Optimal Vertex Array Size

Hi,
At the moment I’m involved in producing an engine as part of a contracted project. The program needs to draw about 20-30 meshes whose polygon count totals around 100,000. I wondered if anyone has any speed up suggestions.

I'm seeing 7-10fps on a Athlon 700, GeForce 256 machine with 256Mb ram, running win2k. I use compiled vertex arrays composed like this:

Vertex - 3 floats
Normal - 3 floats

We will shortly be adding 2 float texture coords, and probably 4 byte colour values per vertex as well.

Lighting is enabled, as is the alpha and depth test (although alpha 90% of the time always passes).

I have a feeling it is the transfer speed that is slowing things down. I tried doing backface culling on the CPU, but didn't see much of an improvement at all.

At present I am considering two things - triangle strips, and splitting the meshes up into smaller sizes.

Before I get going on the second, I'd be interested to hear (esp. from anyone who actually knows the answer) what people think the right kind of size for vertex arrays is. 

Plus any other speed up suggestions will be greatly received.

Thanks in advance,

Henry

Well, I’d first suggest trying to determine where the bottleneck is.

First, you should make sure it’s not fill rate before you go off on geometry optimizations. If you shrink the window a lot, what happens?

You should make sure it’s not GPU-bound. This is a risk if you have a lot of lights or have other expensive features on. The usual suspects: local viewer should be off, lights should be directional if possible, and the number of lights should be minimized, if you want the best lighting performance.

Shrinking your vertex arrays will only help in the case that you are getting poor cache utilization with too large a working set. I don’t know if this is a risk for you.

You might try using a display list if the data is static.

You might try using VAR.

Triangle strips are DEFINITELY good, especially if the strips are long enough.

Consider: you have 100K vertices and are getting 7-10 fps, so you’re doing 700K-1M triangles per second and thus 2.1M-3M vertices per second. If you could use strips and reduce the number of vertices to 1.2 per triangle (from 3), if you sustained the same vertex rate, you’d get 1.75M-2.5M triangles per second.

  • Matt

Hi,

Thanks for the reply. Although I forgot to mention it, the app isn’t fill rate bound - like you say, window size doesn’t make any difference (until we get to the very high resolutions).

There’s only one light enabled, and local viewer is off. Disabling the light gives us another 2-3 fps.

Unfortunately, the data changes every frame (skeletal animation), so display lists are out. I looked at VAR, and want to make use of it, but I want to get non-VAR performance up first. Although it’s a pretty useless comparison, the VAR demo without the extension enabled gets about 3x the performance. This is probably triangle strip related, I guess.

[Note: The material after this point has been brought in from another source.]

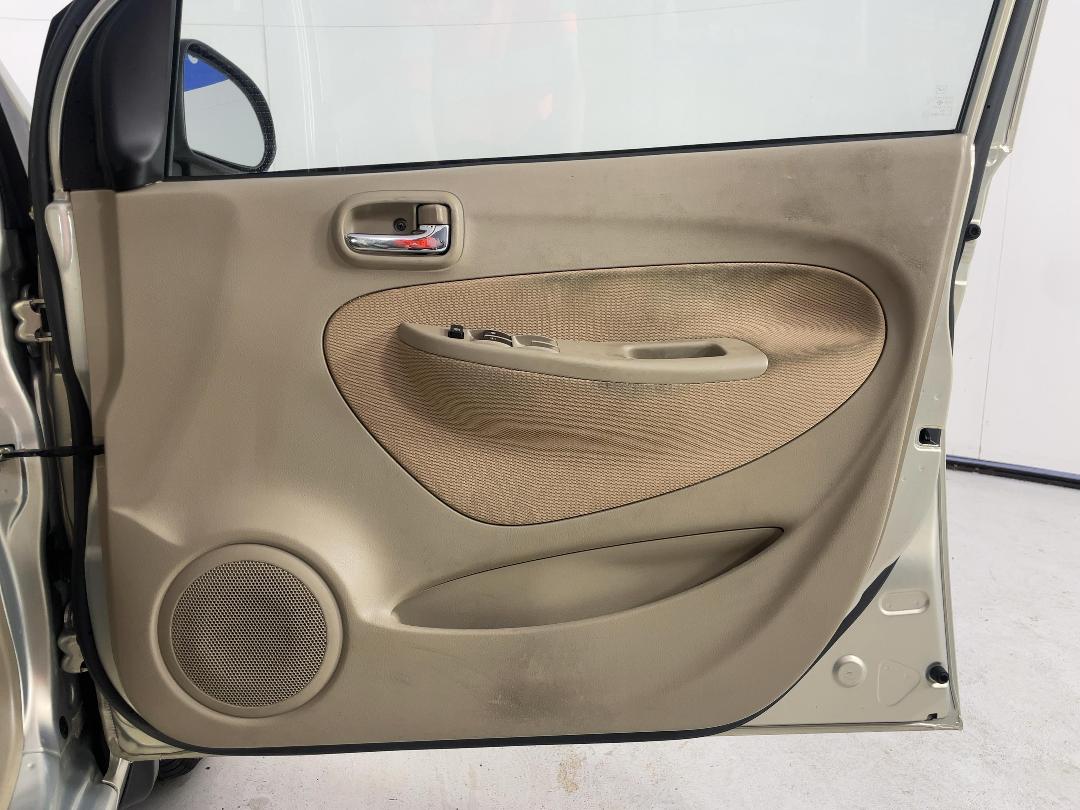 Photo '15' of Daihatsu Charade Photo '15' of Daihatsu Charade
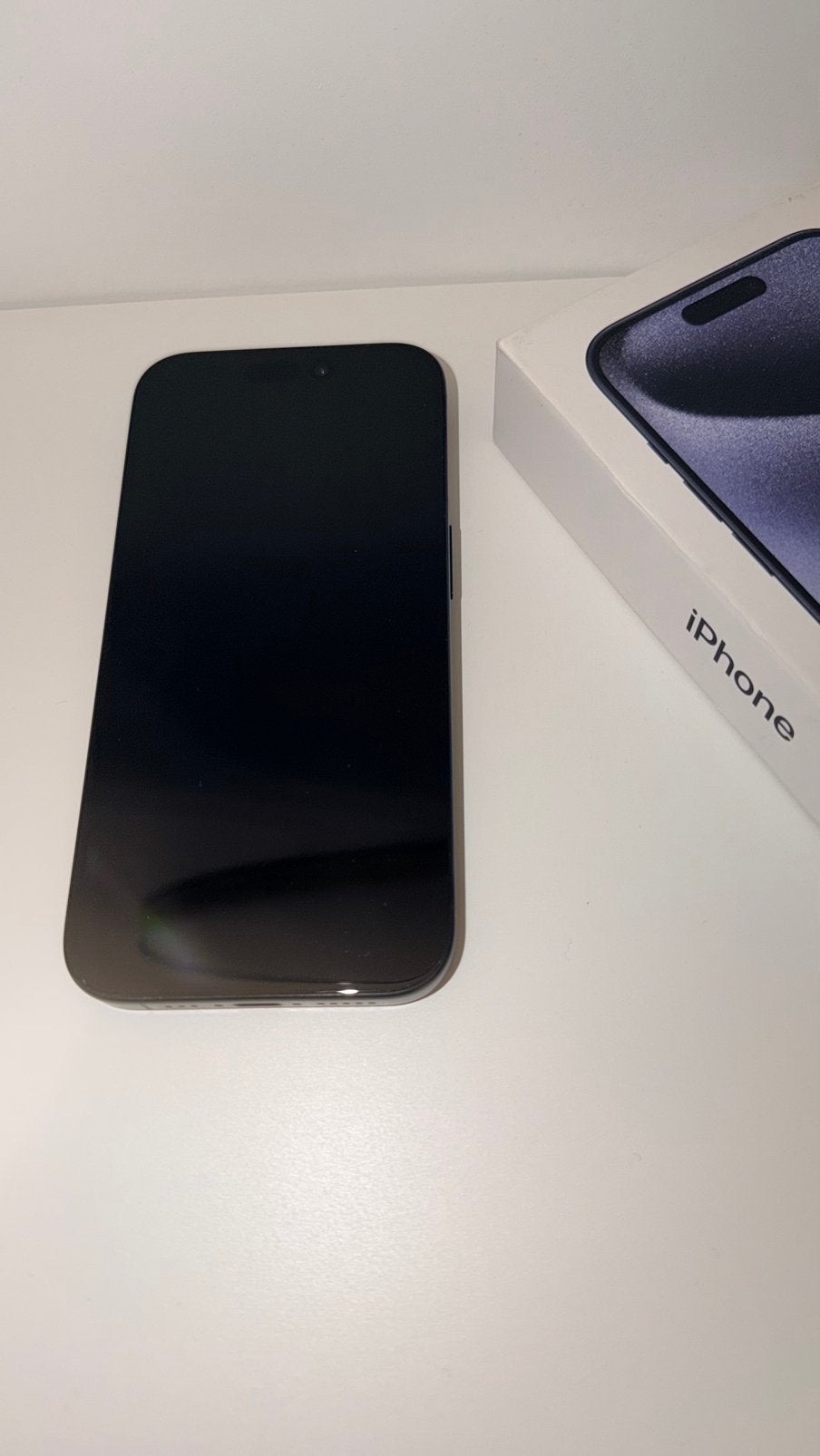 iPhone 15 Pro 128GB — Zeer goede staat (doos + 2 hoesjes), Telecommunicatie, Ophalen, 128 GB, Zo goed als nieuw, 91 %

(Incidentally, W2k runs 2-3fps slower than NT4.0 - someone told me this was an AGP bug in 2k. Any light to shed?)

Thanks a lot,

Henry

I wonder if you’re getting AGP 1x in Win2K and AGP 2x in NT4… yes, Win2K does have some AGP bugs, although I don’t know what all of them are, and we’ve worked around most, if not all, of them by this point.

Yes, it sounds like triangle strips are the first thing you should try.

Another possibility is that the VAR demo is getting vertex cache reuse and your app isn’t. I can’t really go into more details on a public forum, but it both saves you bandwidth and improves effective T&L rate (same number of vertices per second, but more triangles per vertex, up to a limit of 2 triangles per vertex, whereas strips can only get you 1 triangle per vertex). If you want any more detail on that, you’ll have to email me… the short is that it very well might mean that switching to VAR with independent triangles might be faster than regular rendering with strips.

  • Matt

Nvidia mentions an optimal array size of 64 Kb ( higher values => cache problems ). With 6 floats per vertex, it means you shouldn’t put more than ~2700 vertices in an array. I’m not completely sure about this, though, since i heard a guy from Nvidia saying 10,000 vertices was still ok. Still wondering who’s right. But i would definately not count on optimal performance with 300,000 vertices.

Also, may i suggest the use of compiled vertex arrays ( CVAs ), or/and to allocate the vertex array directly in video memory ( or AGP mem ) ? There is an extension for that. There is also a document on Nvidia’s papers which explains how to optimize an application for the GeForce.

Y.

Hi,

Thanks for the replies - Matt, I’ll e-mail you shortly about the cache coherence stuff, if that’s ok.

I’m using CVAs at the moment, although I don’t see performance gains with them - prompting me to think that my vertex buffers are just too big for the card to handle quickly. I’ve just built in some profiling code on the renderer to see exactly how large the buffers are, and I’ll chop them down if I can.

Cheers,

Henry